**PROBLEM REQUIREMENTS:** Pictures aside, the output must consist of the lines from the one containing "Vir Paradise Waiting Lounge" through the end of the data, reproduced exactly.

**Image-caption web data:**
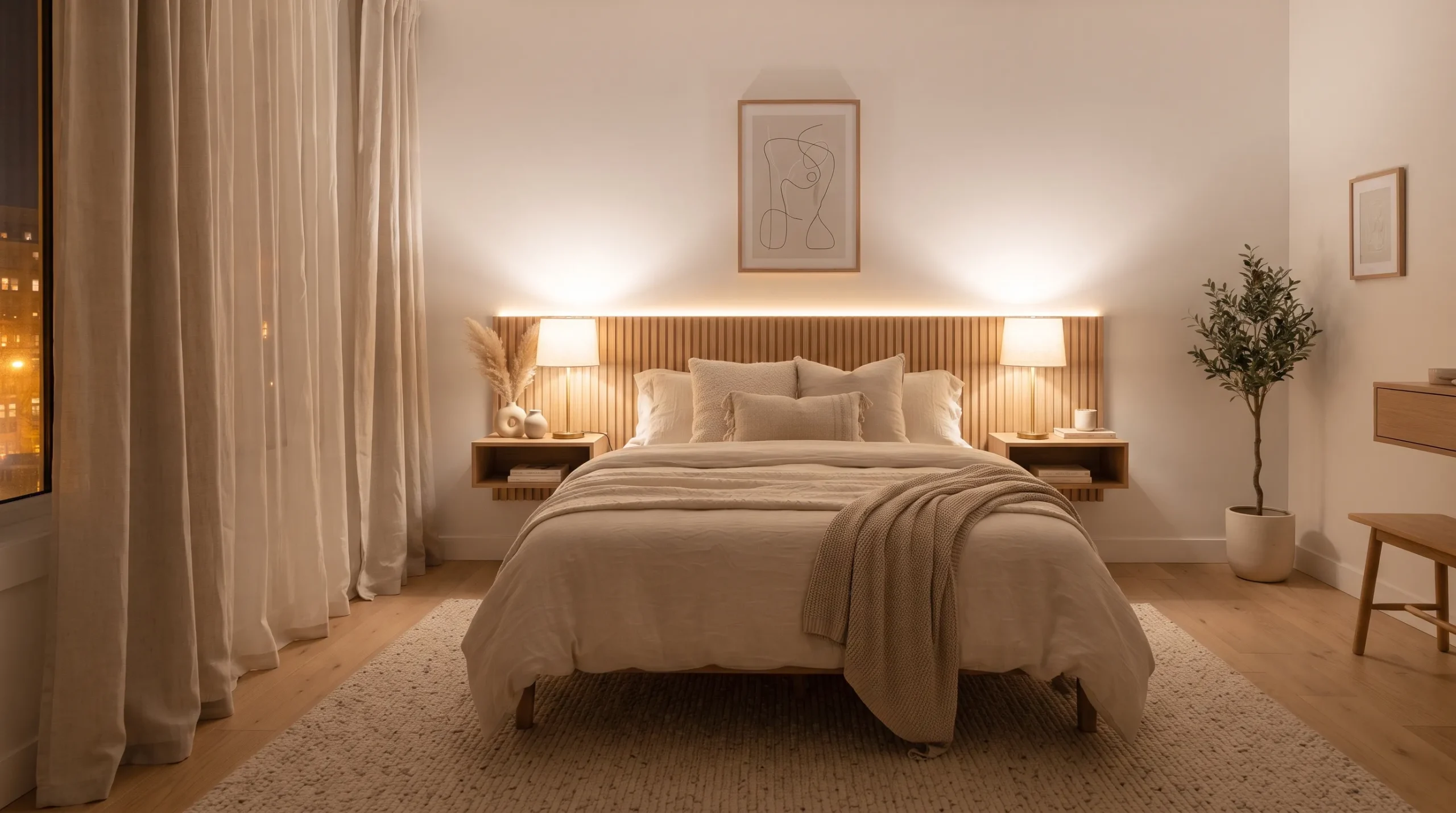 decoration bedroom cozy touch ideas Soft Ambient Lighting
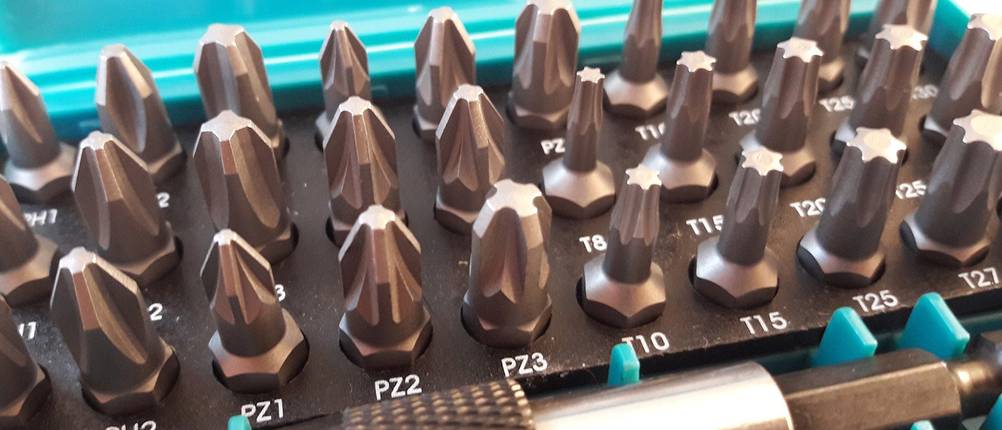 Bitsatz Makita Bit Set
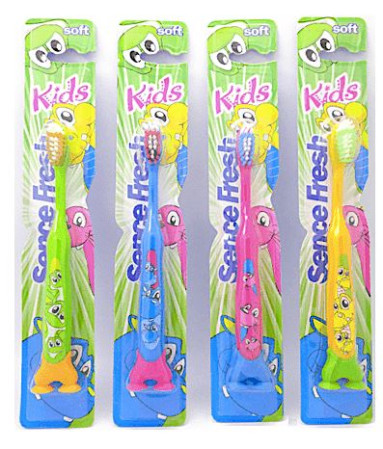 detail SenceFresh dětský kartáček Soft (12)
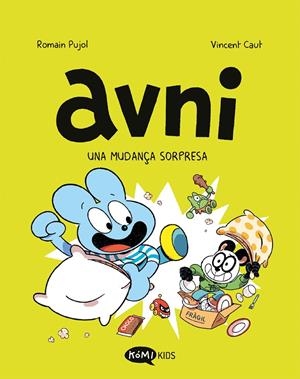 Avni #08. Una mudança sorpresa | 9788419183828 | Pujol, Romain | Llibreria online de Figueres i Empordà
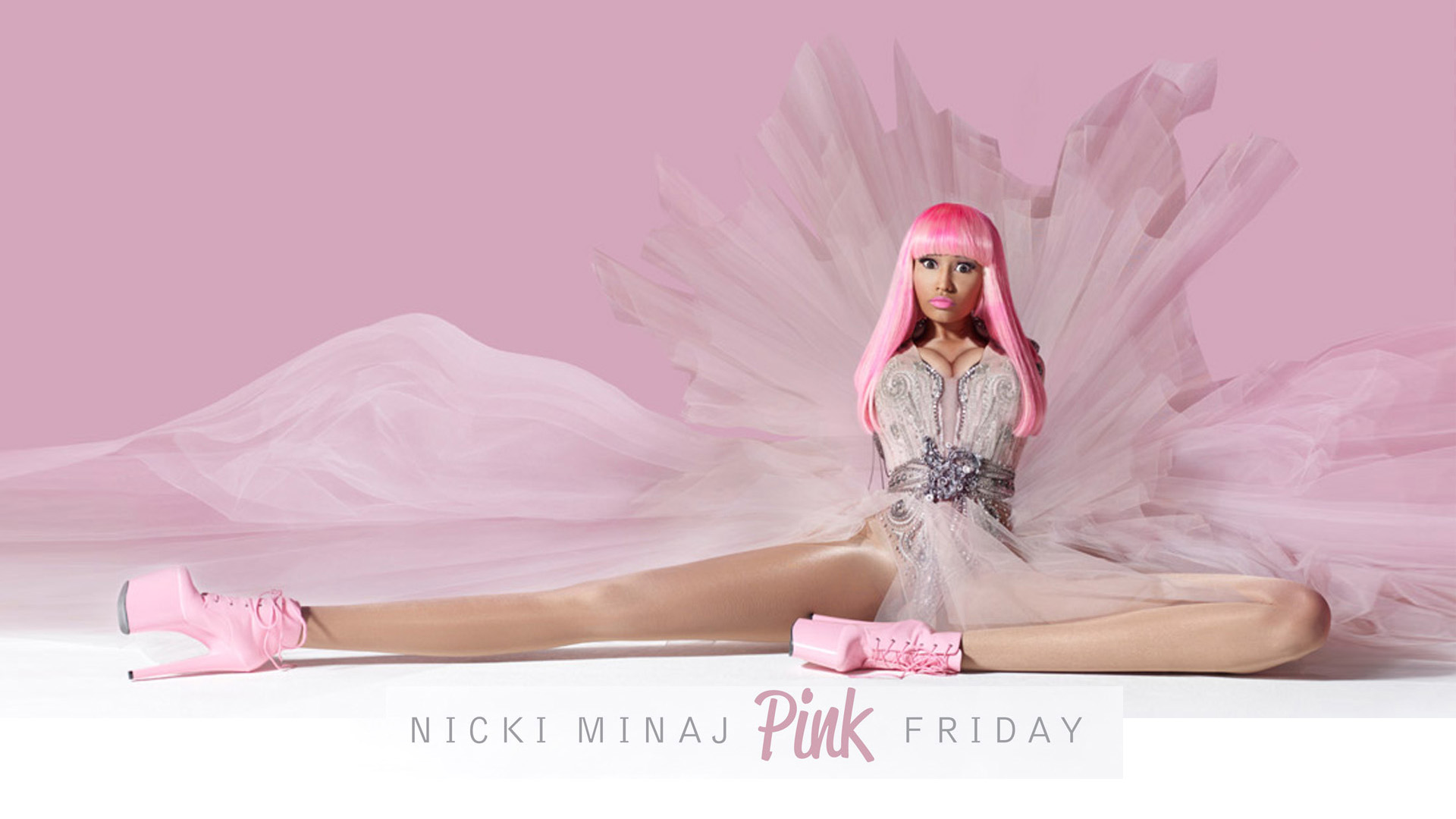 Nicki Minaj Wallpaper Myspace Background
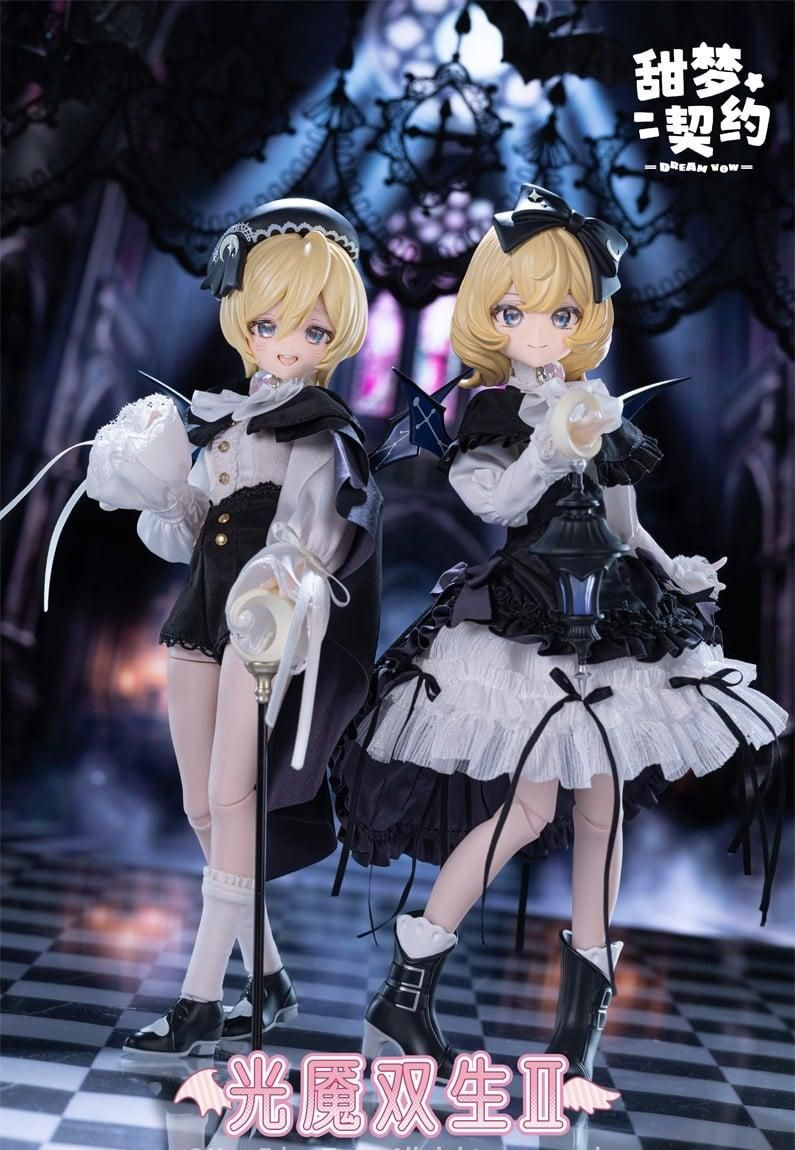 Light And Darkness Twins II Sweet Dream Contract Series Poseable Doll
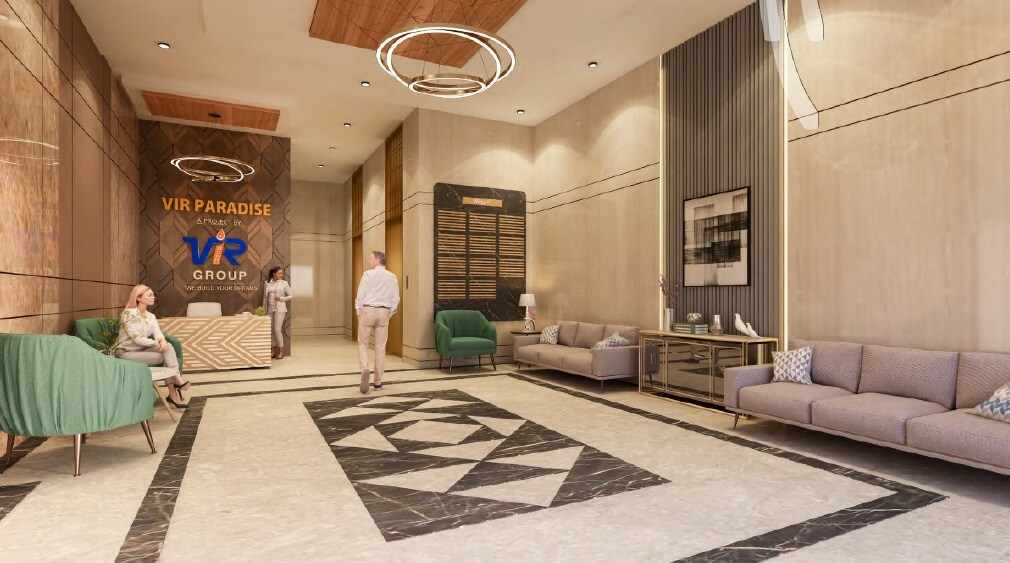 Vir Paradise Waiting Lounge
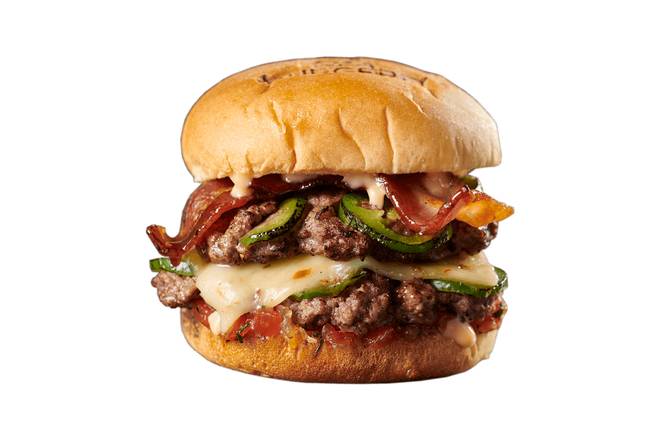 SWAG (Spicy Wagyu) Burger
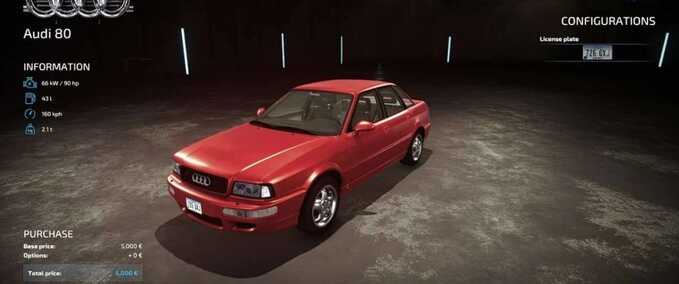 Audi 80 Mod Image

**WRITTEN RESPONSE:**
 Vir Paradise Waiting Lounge
 SWAG (Spicy Wagyu) Burger
 Audi 80 Mod Image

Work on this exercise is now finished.